From the line containing "Butoir de sol, inox brossé 304" to the line containing "Mikah Chrome robe hook - Image 21" in the entries below, reproduce every line exactly, ends included. Nothing else belongs in the copy, and no pictures.
◆ ◆ ◆ ◆ ◆
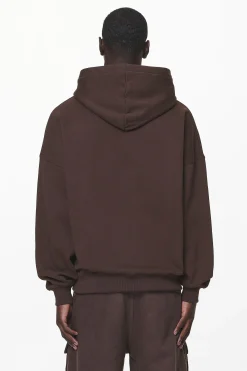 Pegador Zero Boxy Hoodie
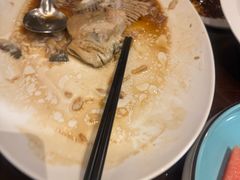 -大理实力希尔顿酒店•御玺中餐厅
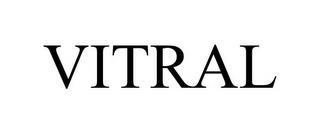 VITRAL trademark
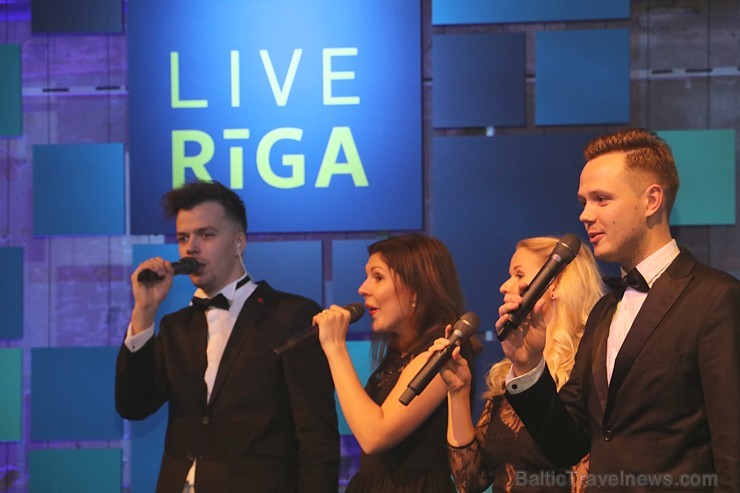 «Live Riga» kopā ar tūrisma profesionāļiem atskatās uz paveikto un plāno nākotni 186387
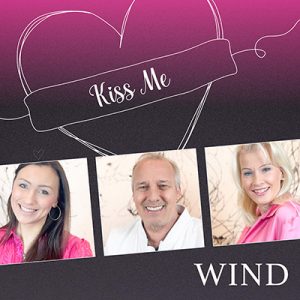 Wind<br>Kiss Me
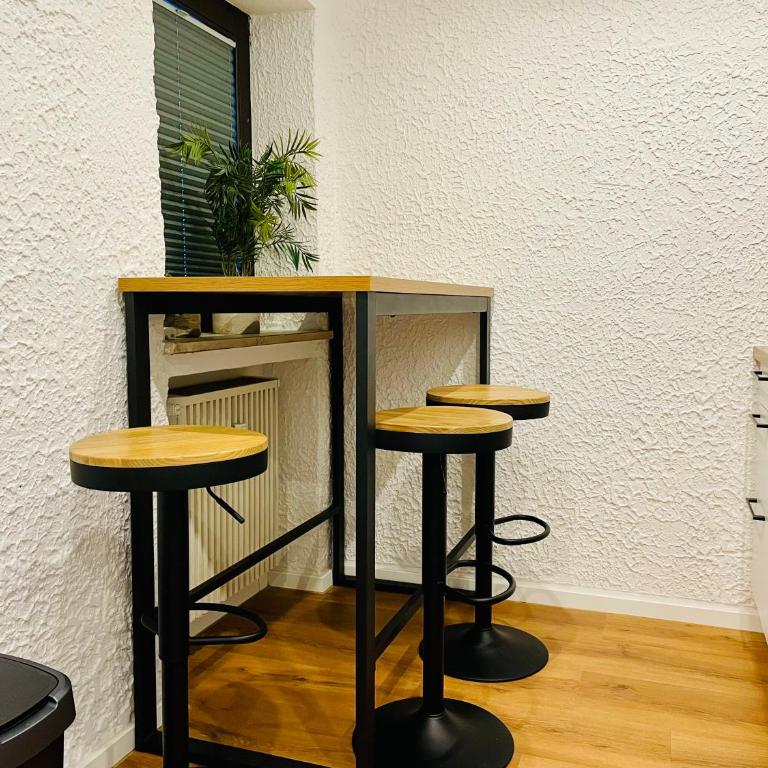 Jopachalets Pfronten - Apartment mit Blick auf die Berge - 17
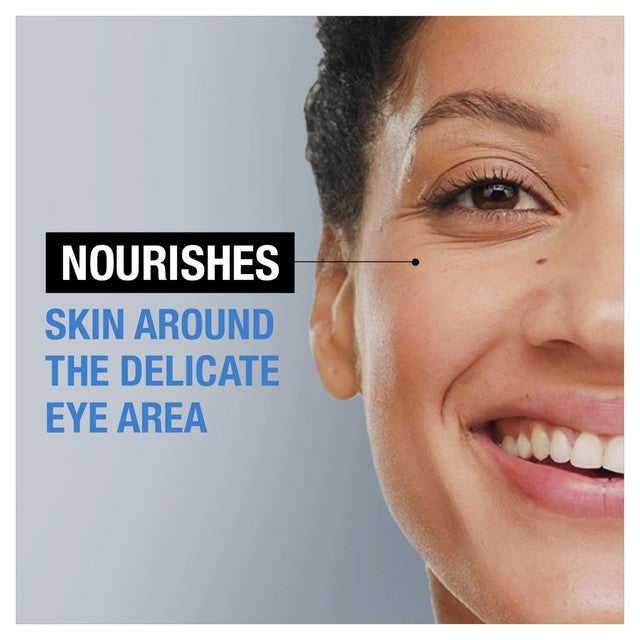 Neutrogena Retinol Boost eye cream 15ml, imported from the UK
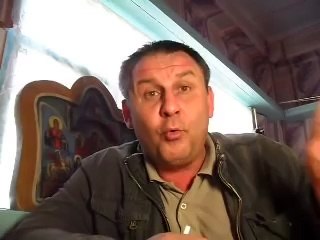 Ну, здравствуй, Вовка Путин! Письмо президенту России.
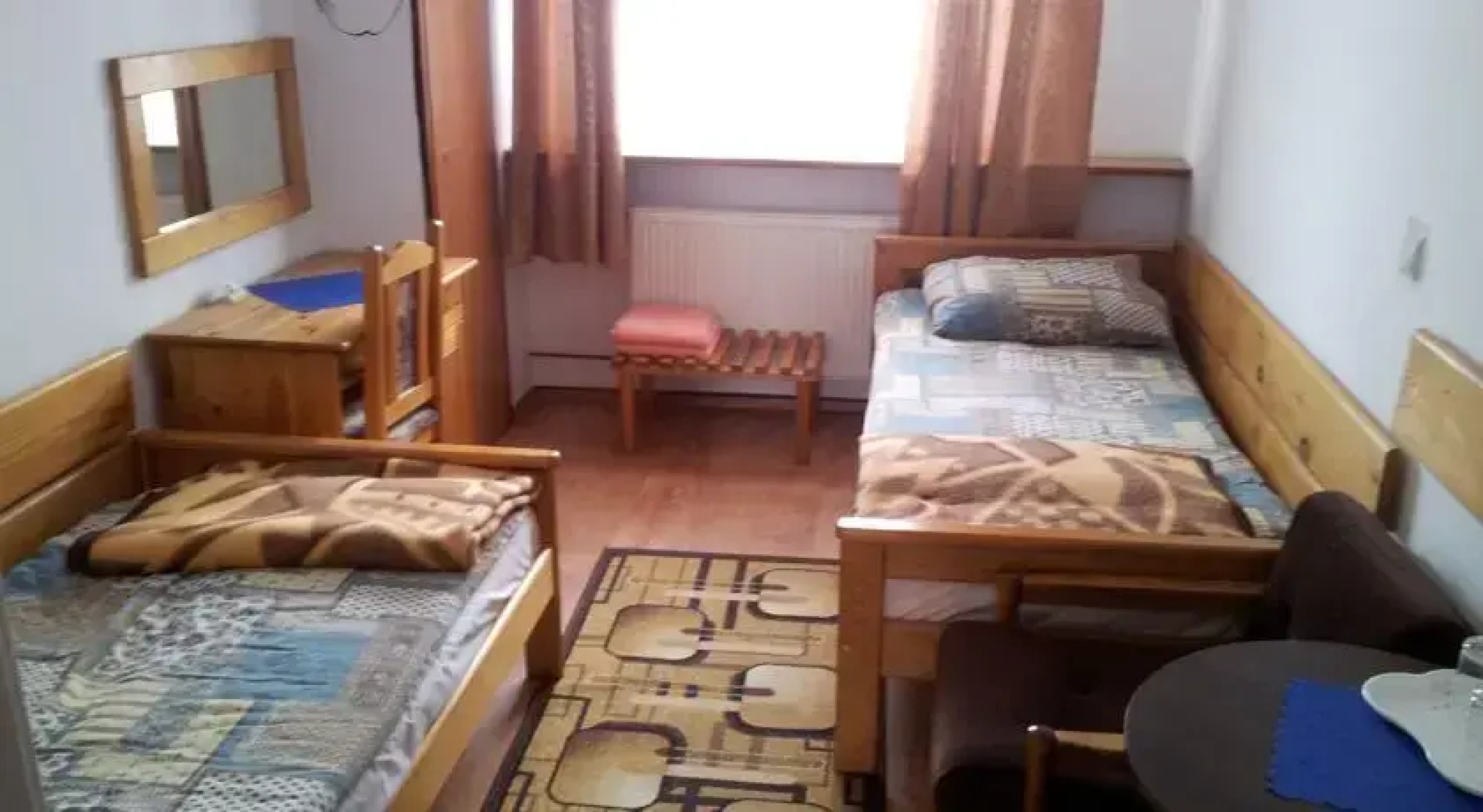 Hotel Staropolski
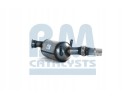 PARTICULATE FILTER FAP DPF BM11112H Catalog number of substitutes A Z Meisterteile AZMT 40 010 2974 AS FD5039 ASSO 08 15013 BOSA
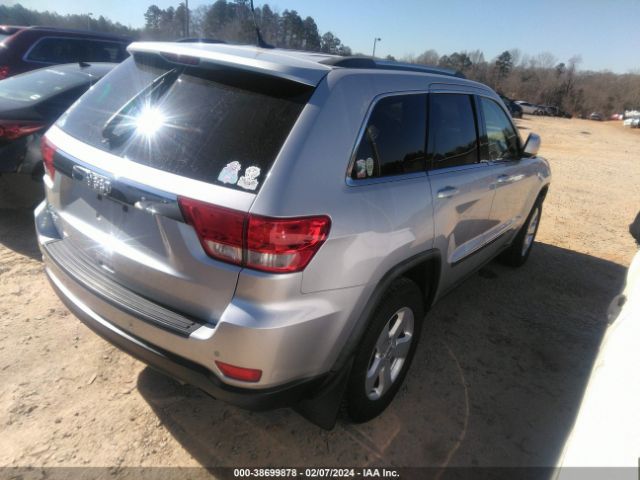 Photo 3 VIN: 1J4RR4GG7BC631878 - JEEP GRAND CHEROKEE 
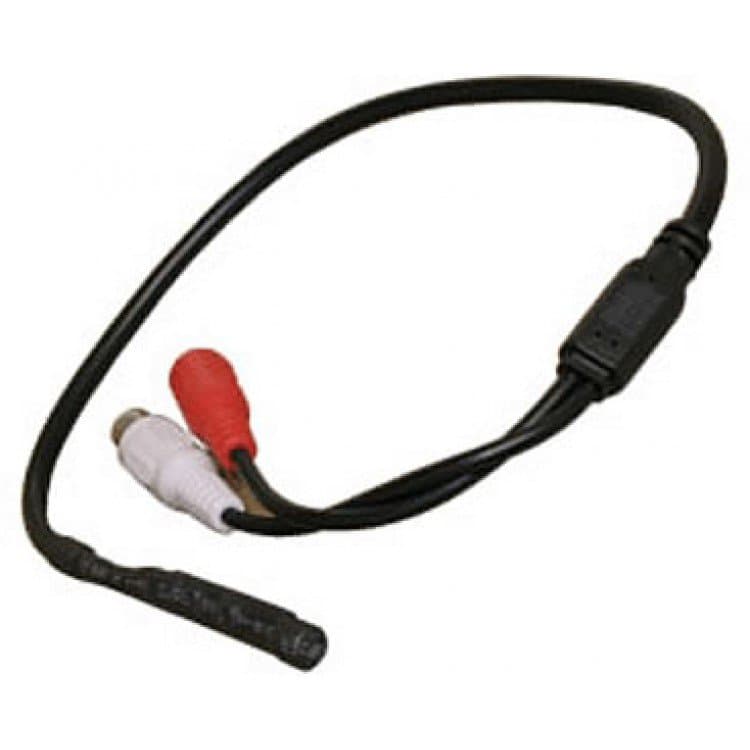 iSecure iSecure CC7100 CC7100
◆ ◆ ◆ ◆ ◆
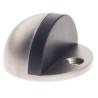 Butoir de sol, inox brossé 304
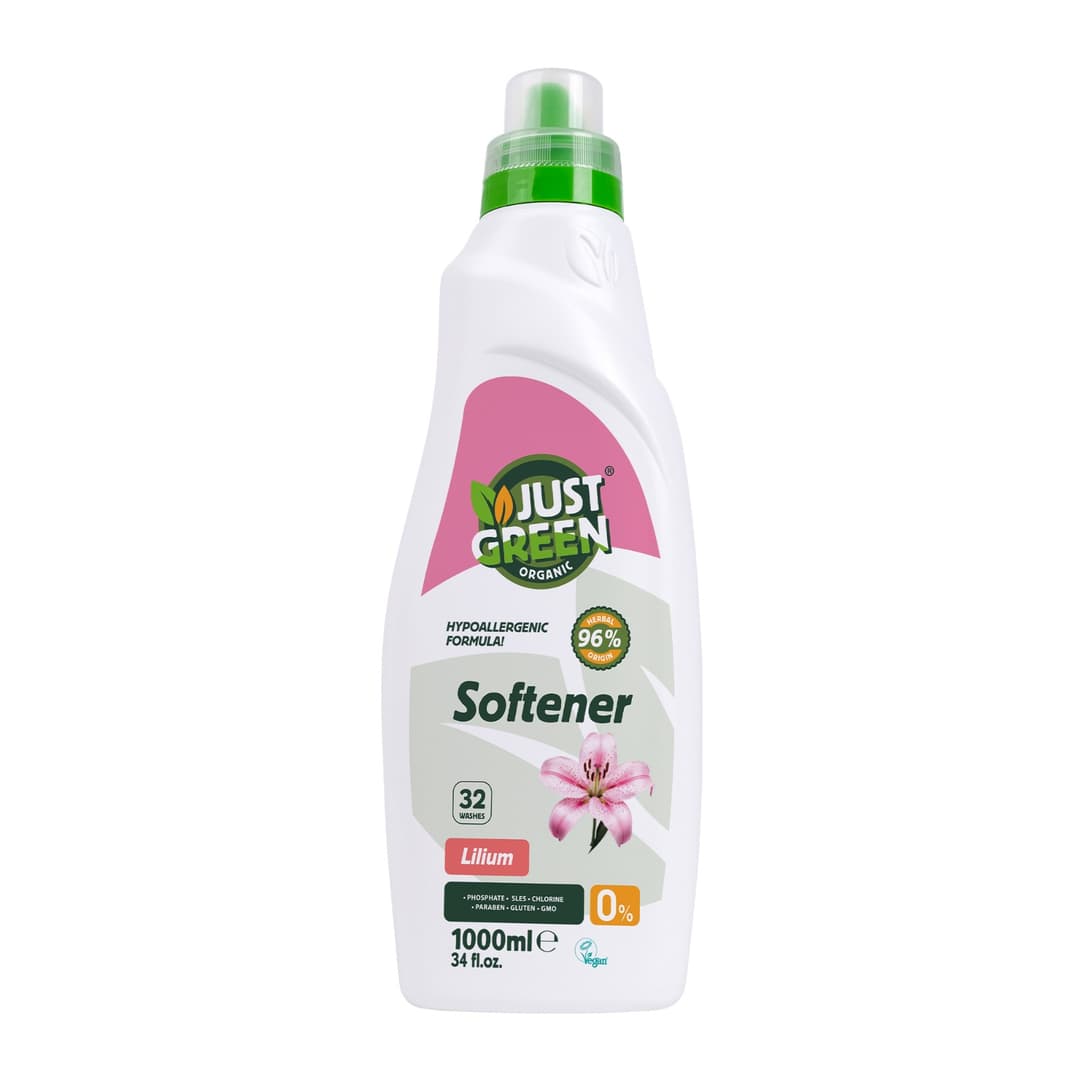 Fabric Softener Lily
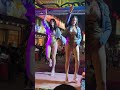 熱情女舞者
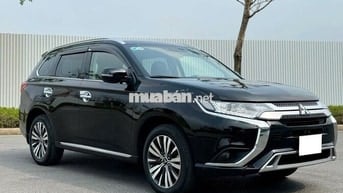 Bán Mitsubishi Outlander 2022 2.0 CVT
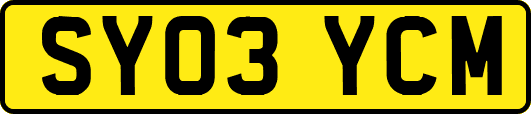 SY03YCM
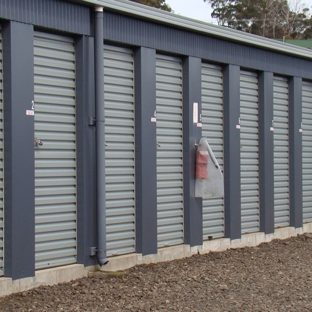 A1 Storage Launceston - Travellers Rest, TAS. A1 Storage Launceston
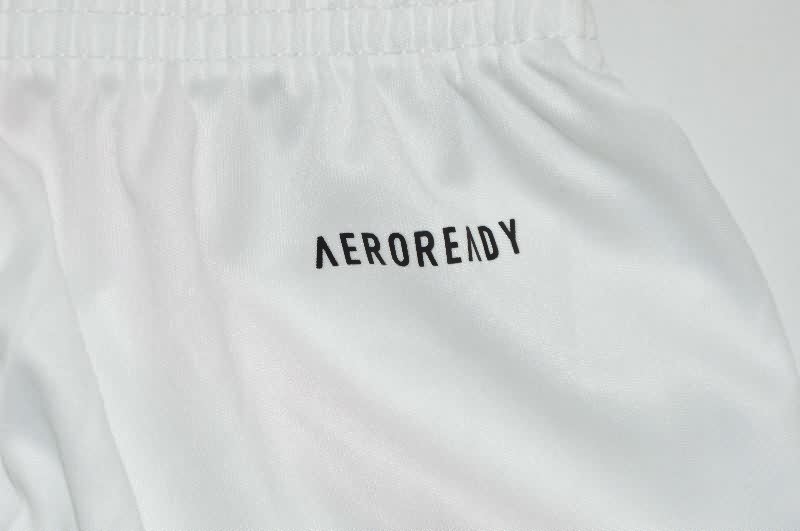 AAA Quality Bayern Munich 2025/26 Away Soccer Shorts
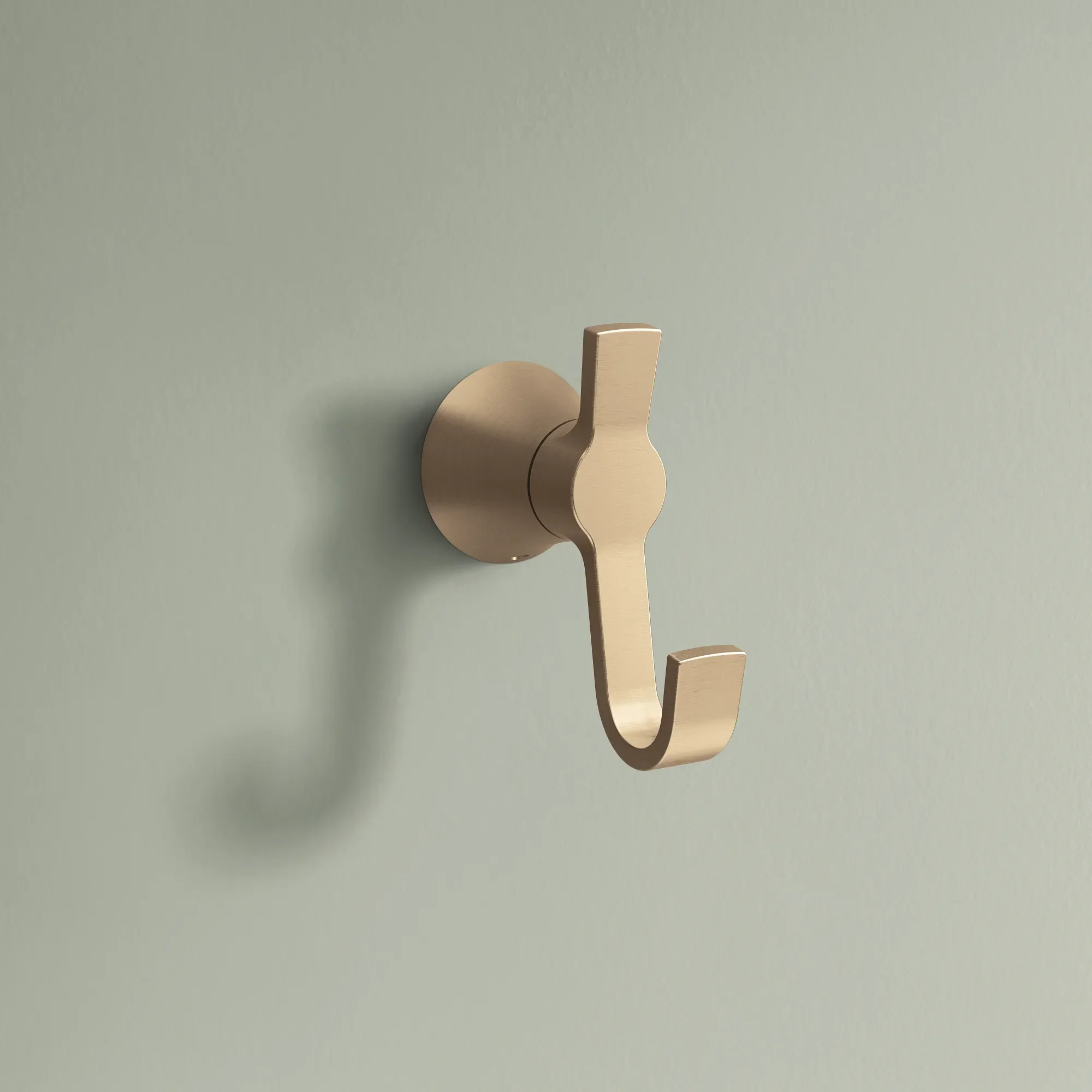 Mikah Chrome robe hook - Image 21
◆ ◆ ◆ ◆ ◆
▶ Worked solution
 Butoir de sol, inox brossé 304
 Fabric Softener Lily
 熱情女舞者
 Bán Mitsubishi Outlander 2022 2.0 CVT
 SY03YCM
 A1 Storage Launceston - Travellers Rest, TAS. A1 Storage Launceston
 AAA Quality Bayern Munich 2025/26 Away Soccer Shorts
 Mikah Chrome robe hook - Image 21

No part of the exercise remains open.